What is being asked: Each line of the data below between the one containing "Si Yon high" and the one containing "a bar with two", both included, is to be repeated exactly. Please omit pictures.

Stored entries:
--

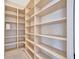 Spacious walk-in pantry with ample shelving for optimal organization and storage at 5939 Redbay Blvd, Bradenton, FL 34210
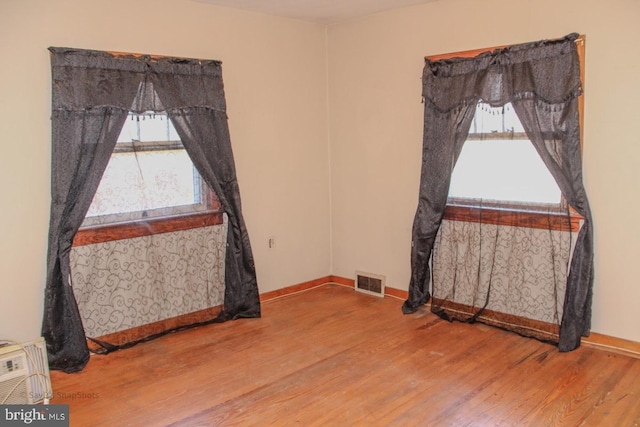 empty room featuring visible vents, a healthy amount of sunlight, and wood finished floors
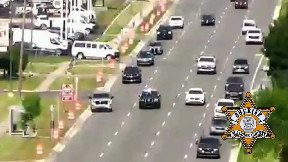 Macomb County Sheriff’s deputy jumps into a moving truck to help elderly driver with a medical issue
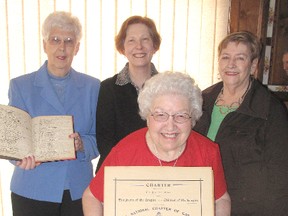 The Kent Regiment Chapter IODE is celebrating its 100th anniversary this month. Norma West, front, displays the original charter for the chapter, which was formed April 30, 1913. Also pictured, from back left, are Sheila DeJaegher,  holding, the chapter's first book of minutes, Garna Argenti, chapter president, and Gail Keller. (ELLWOOD SHREVE, Chatham Daily News)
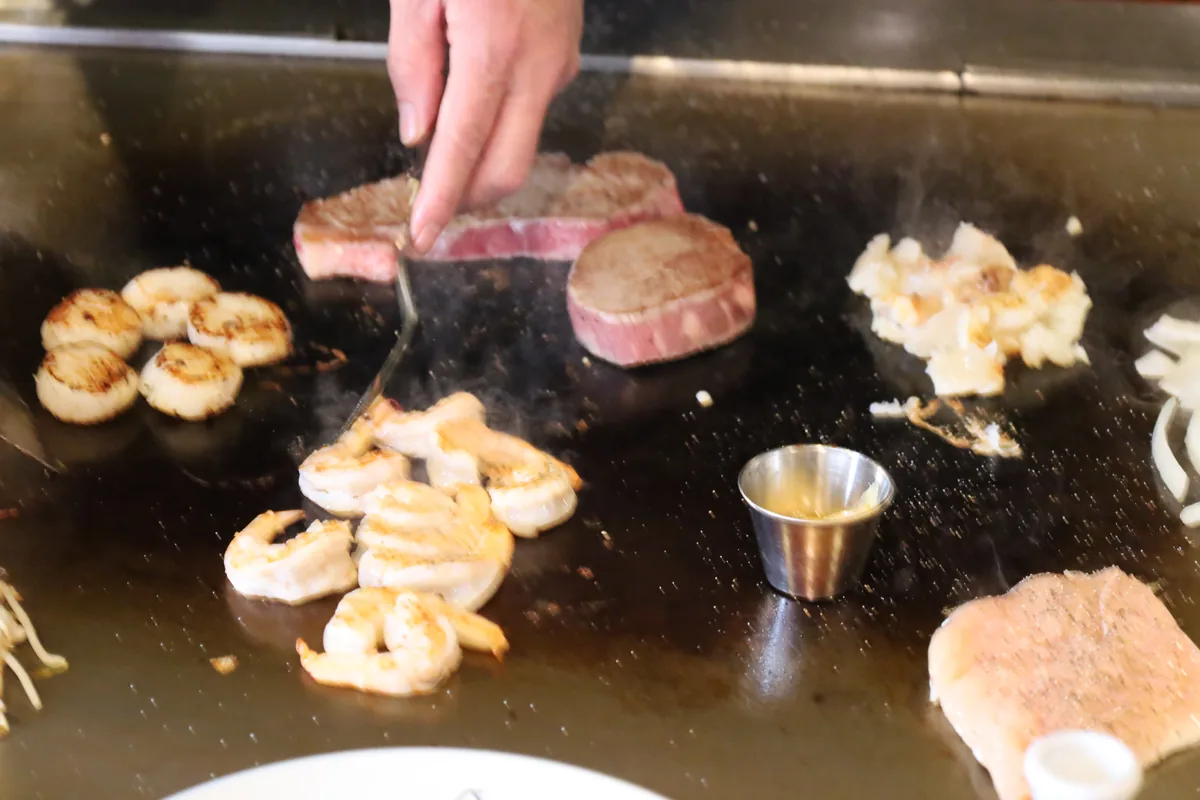 Hibachi catering Lewisville TX β Jinbeh drop-off tray with steak, shrimp, fried rice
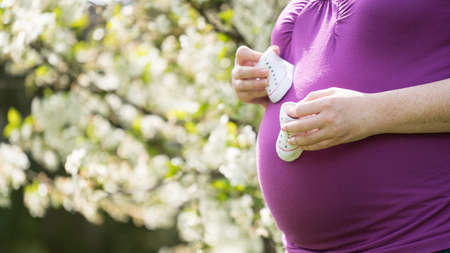 pregnant woman with tiny baby shoesの写真素材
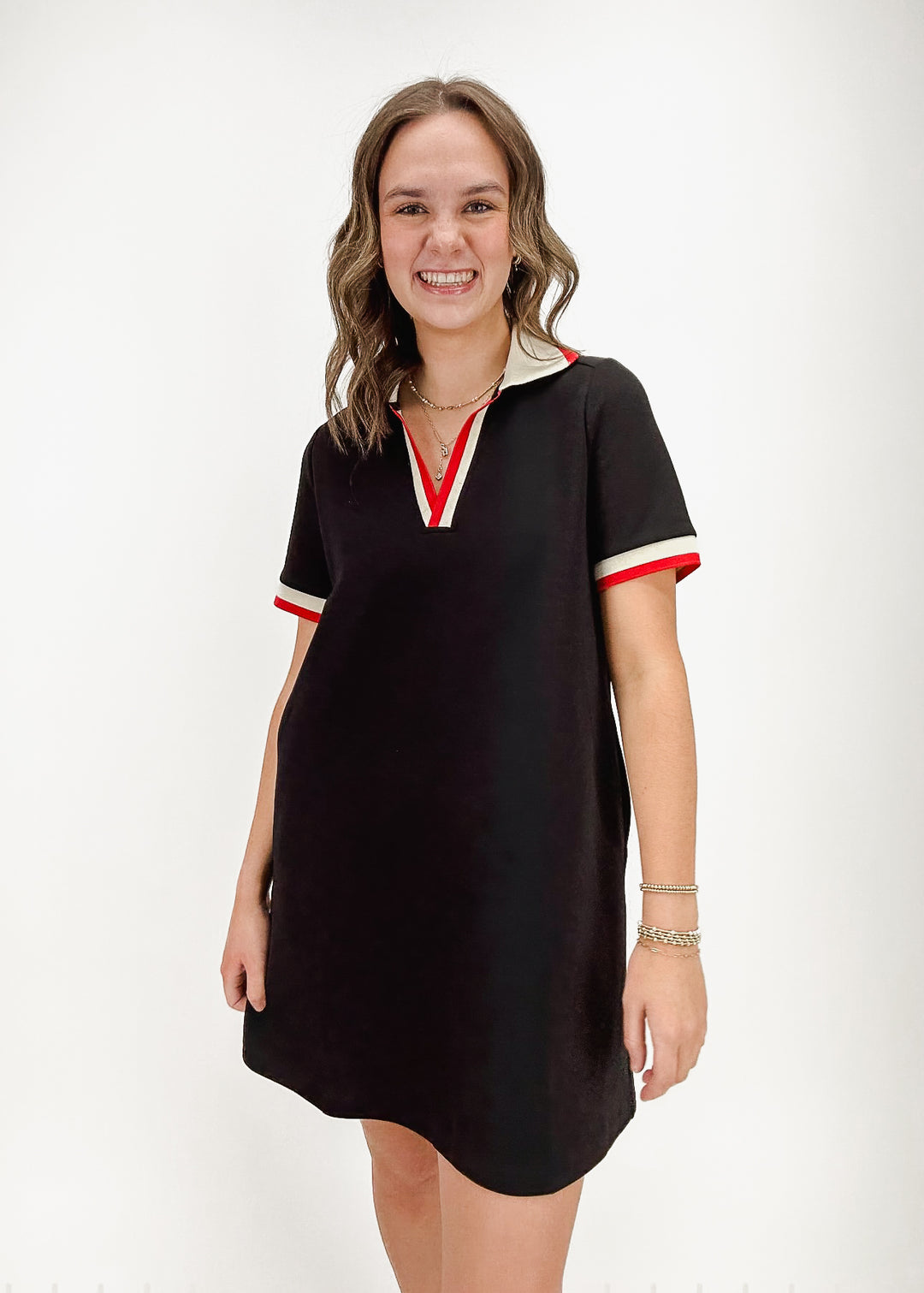 black polo mini dress with red and white collar and sleeve accents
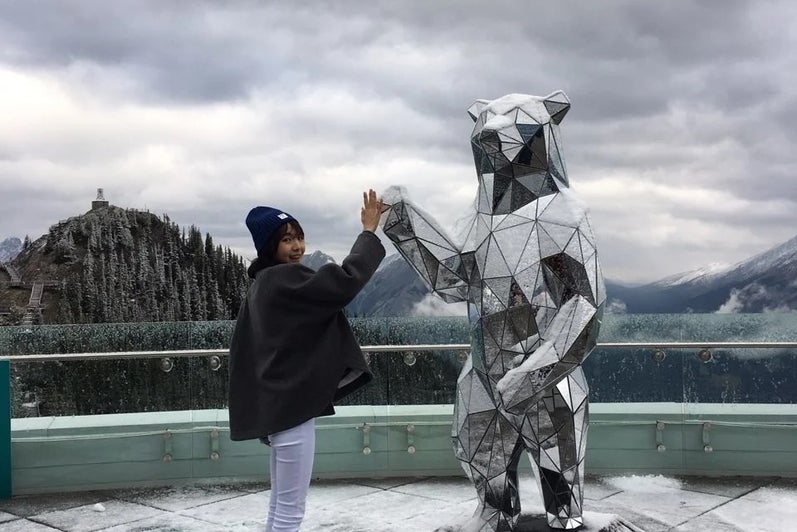 Si Yon high fiving the mirror bear statue in Banff, Alberta.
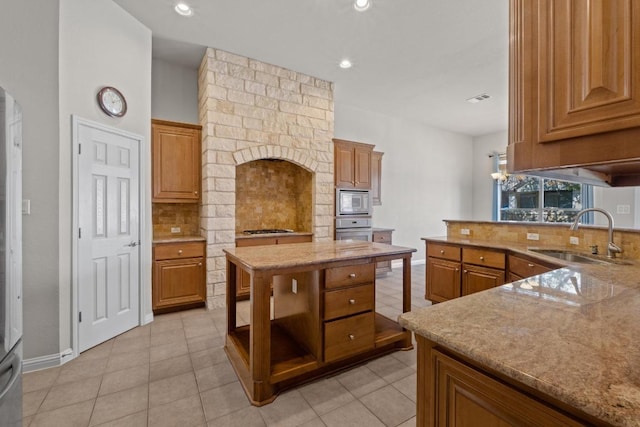 kitchen featuring stainless steel appliances, visible vents, decorative backsplash, brown cabinetry, and a sink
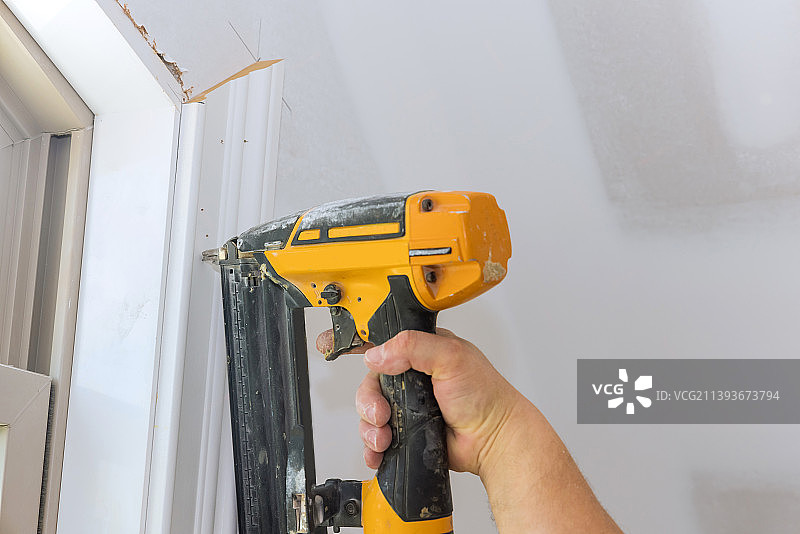 新房装修，木工使用射钉枪安装边框图片素材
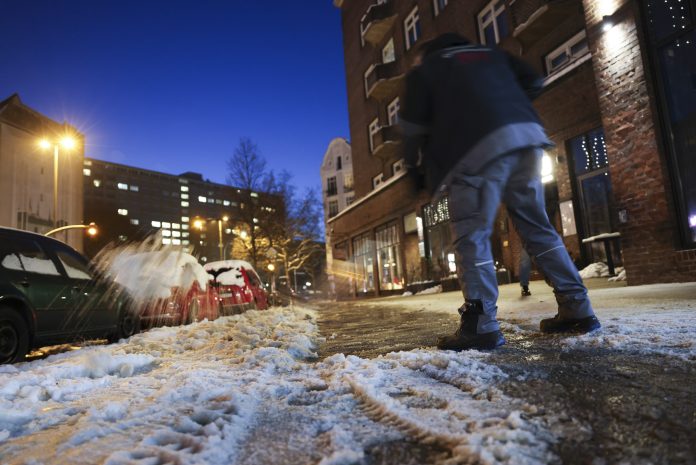 Winterwetter in Hamburg Person geht im Dunkeln durch den Schnee.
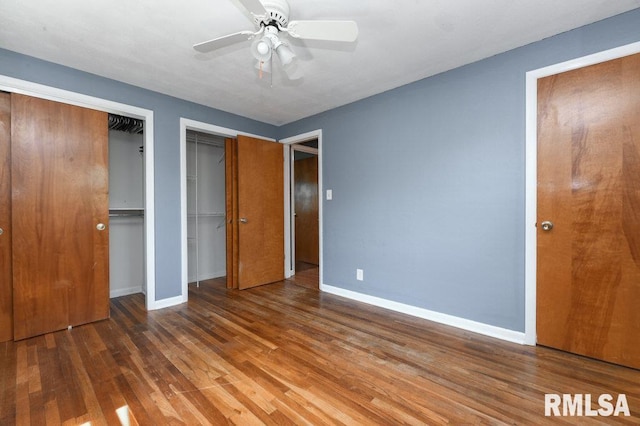 unfurnished bedroom with two closets, baseboards, a ceiling fan, and wood finished floors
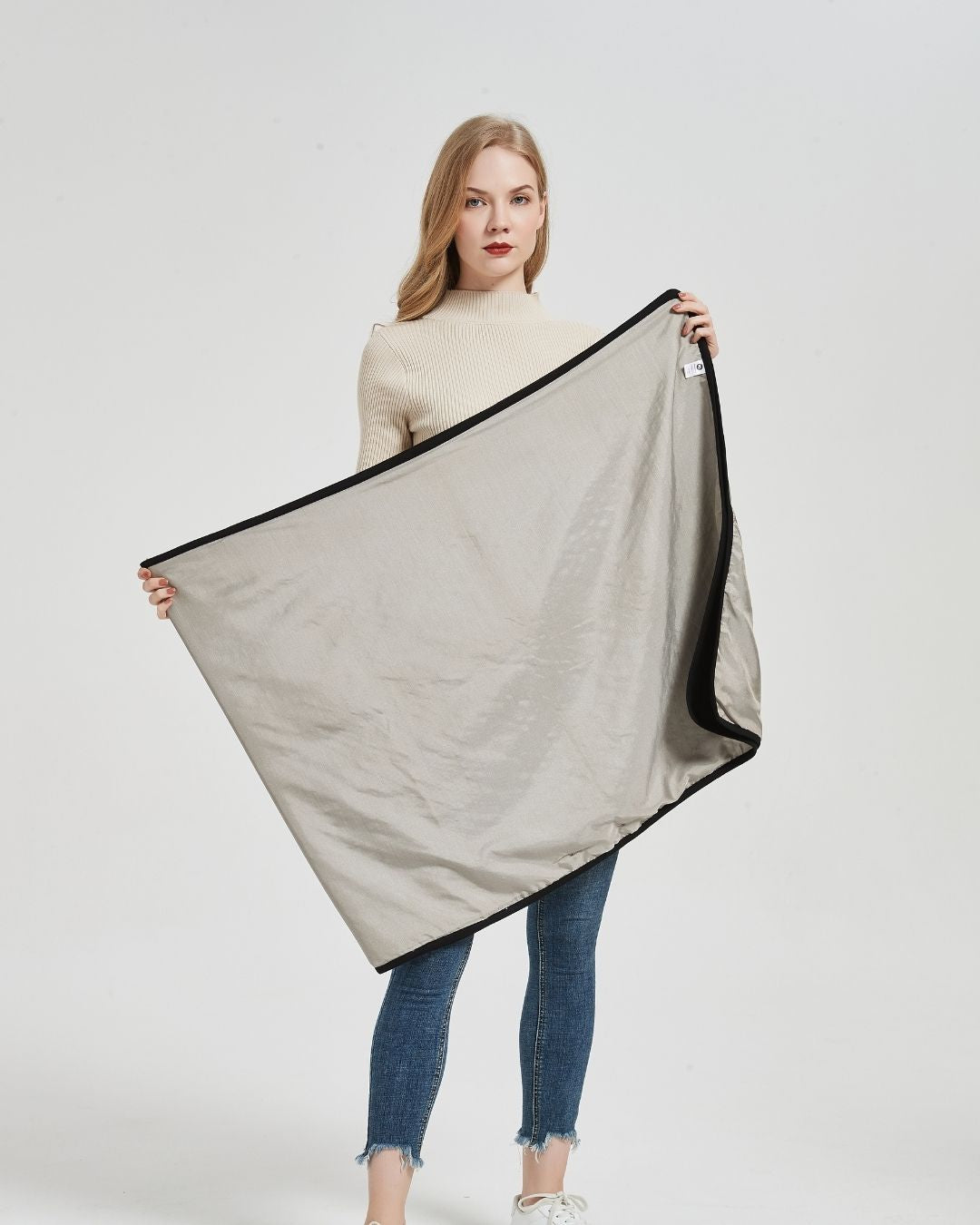 Embrace wellness with the Radia Smart® BUNDLE DEAL EMF Protection Poncho and Slouch Beanie in Black. Lined with silver Faraday fabric, this set blocks EMF, RF, and 5G radiation to support fertility and overall health. Made from soft, breathable materials, the poncho and beanie offer stylish comfort and effective shielding. Ideal for daily wear, this bundle helps reduce wireless exposure while keeping you cozy, protected, and fashion-forward.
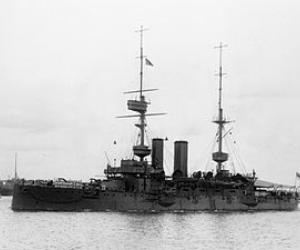 Black and white photograph side view of the HMS Bulwalk out from port. 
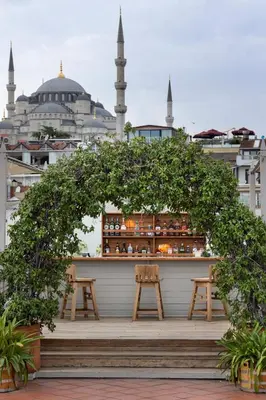 a bar with two benches and a view of a mosque at Armada Istanbul Old City Hotel in Istanbul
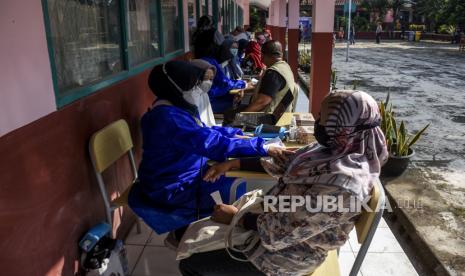 Sejumlah warga menjalani pemeriksaan kesehatan sebelum disuntik vaksin Covid-19 di SDN 053 Cisitu, Jalan Sangkuriang, Kota Bandung, Senin (9/8). Pemerintah Provinsi Jawa Barat menargetkan 37 juta masyarakat telat mendapatkan penyuntikan vaksin Covid-19 pada Desember 2021 dengan target harian sebanyak 500 ribu dosis per harinya. 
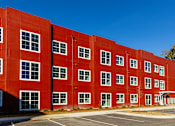 Thumbnail 30 of 33 - A red building with a parking lot in front.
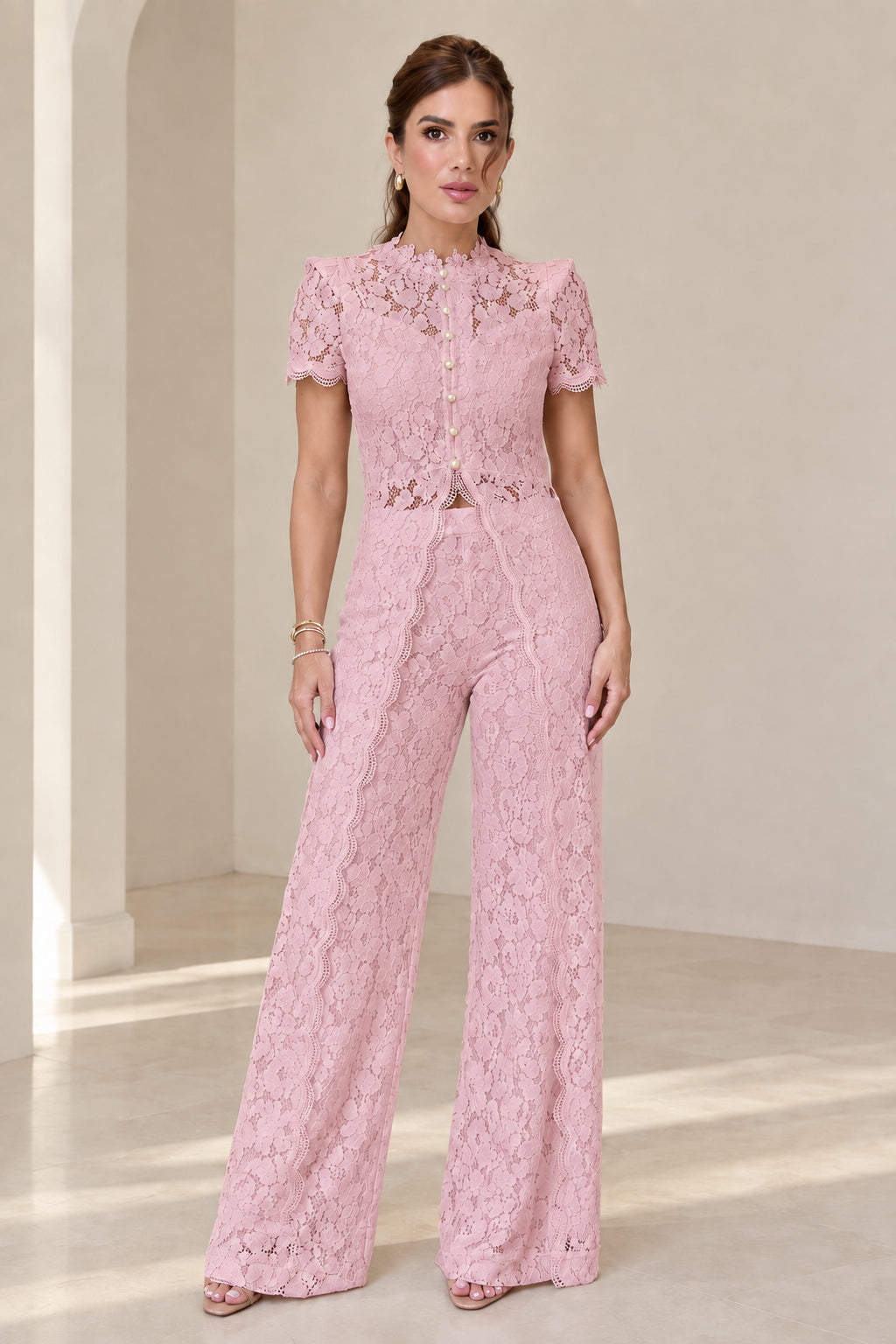 Model wearing blush pink floral lace two-piece pant suit set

--

Task solution:
 Si Yon high fiving the mirror bear statue in Banff, Alberta.
 kitchen featuring stainless steel appliances, visible vents, decorative backsplash, brown cabinetry, and a sink
 新房装修，木工使用射钉枪安装边框图片素材
 Winterwetter in Hamburg Person geht im Dunkeln durch den Schnee.
 unfurnished bedroom with two closets, baseboards, a ceiling fan, and wood finished floors
 Embrace wellness with the Radia Smart® BUNDLE DEAL EMF Protection Poncho and Slouch Beanie in Black. Lined with silver Faraday fabric, this set blocks EMF, RF, and 5G radiation to support fertility and overall health. Made from soft, breathable materials, the poncho and beanie offer stylish comfort and effective shielding. Ideal for daily wear, this bundle helps reduce wireless exposure while keeping you cozy, protected, and fashion-forward.
 Black and white photograph side view of the HMS Bulwalk out from port. 
 a bar with two benches and a view of a mosque at Armada Istanbul Old City Hotel in Istanbul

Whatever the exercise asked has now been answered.